MATERIAL FOR THIS TASK:
━━━

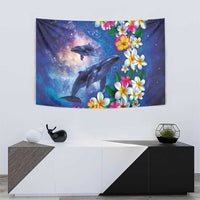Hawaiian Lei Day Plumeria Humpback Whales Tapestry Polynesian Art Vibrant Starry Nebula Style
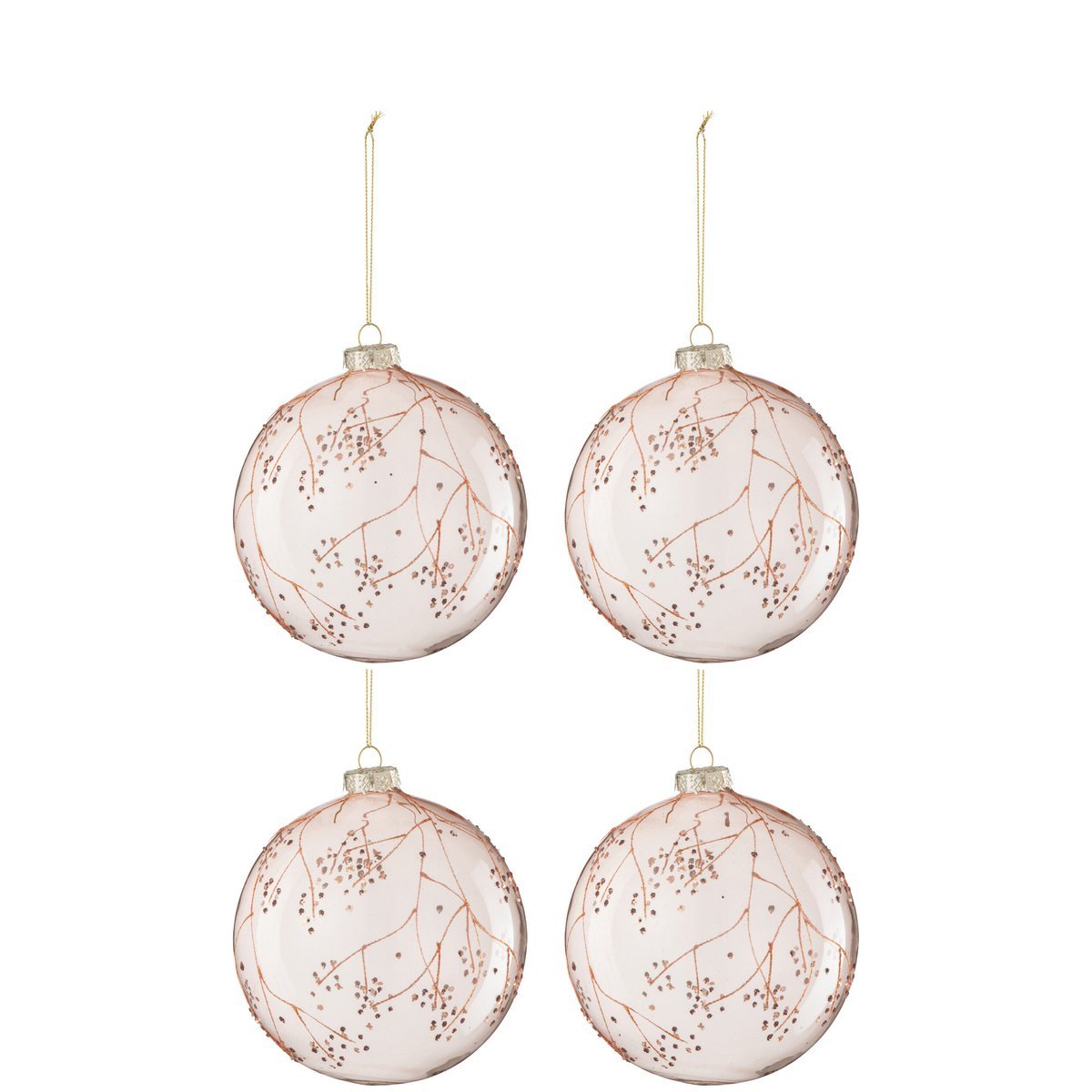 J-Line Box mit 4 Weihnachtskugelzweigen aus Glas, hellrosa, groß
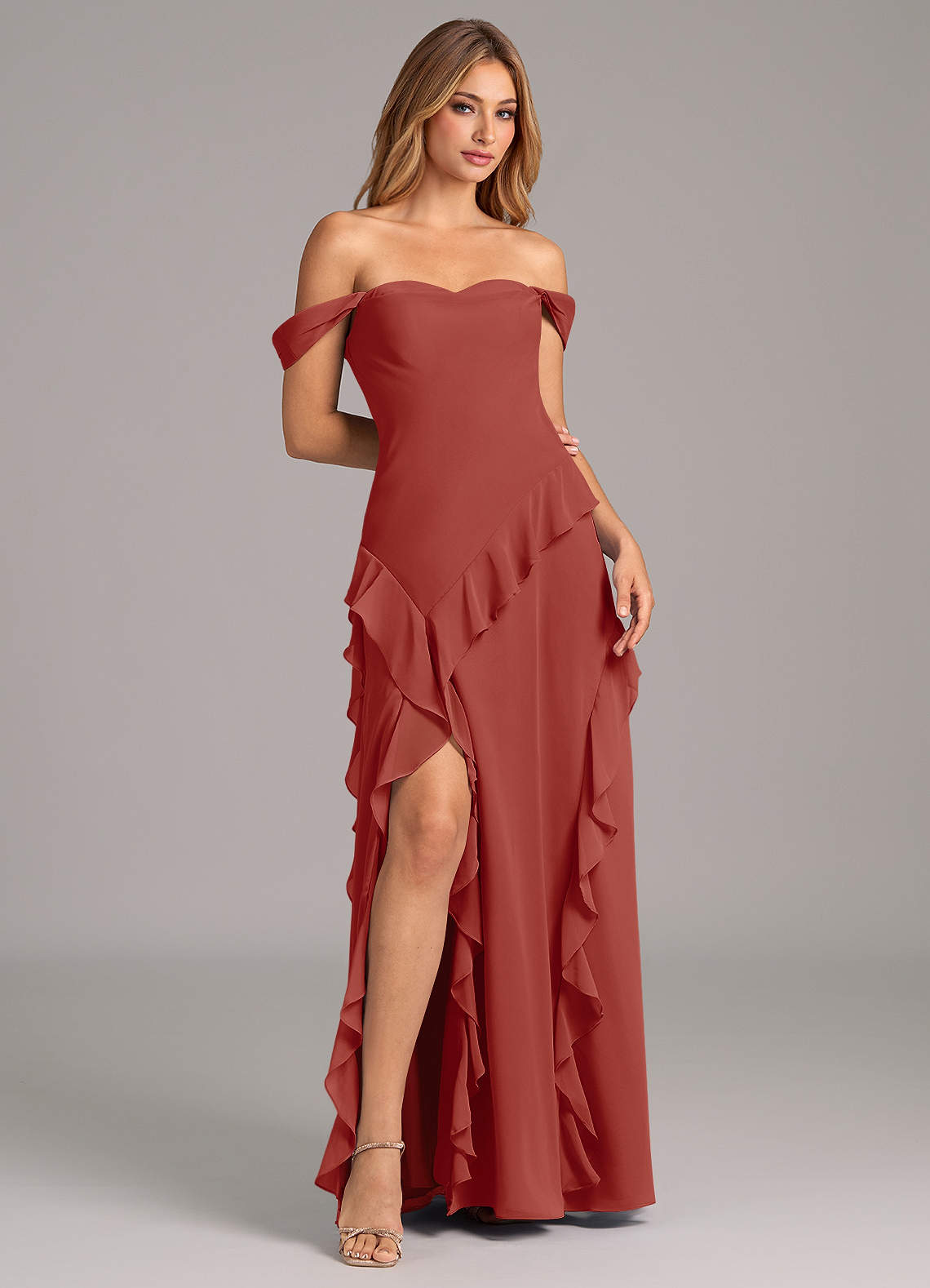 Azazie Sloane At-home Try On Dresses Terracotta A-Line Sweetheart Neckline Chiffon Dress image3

━━━

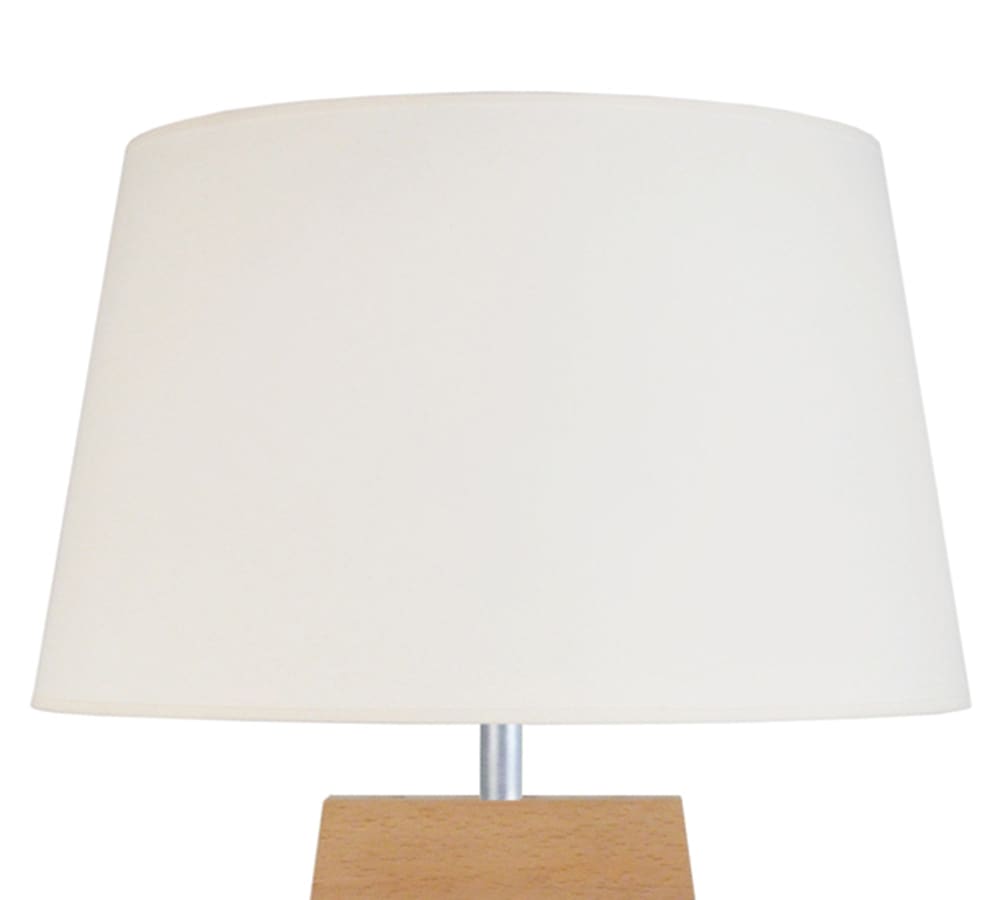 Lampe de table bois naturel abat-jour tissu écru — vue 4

━━━

WORK ITEM: Once the line with "Hawaiian Lei Day" is found above, transcribe each line from it through the line with "Azazie Sloane At-home", exactly, and omit the pictures.

EXERCISE SOLUTION:
Hawaiian Lei Day Plumeria Humpback Whales Tapestry Polynesian Art Vibrant Starry Nebula Style
 J-Line Box mit 4 Weihnachtskugelzweigen aus Glas, hellrosa, groß
 Azazie Sloane At-home Try On Dresses Terracotta A-Line Sweetheart Neckline Chiffon Dress image3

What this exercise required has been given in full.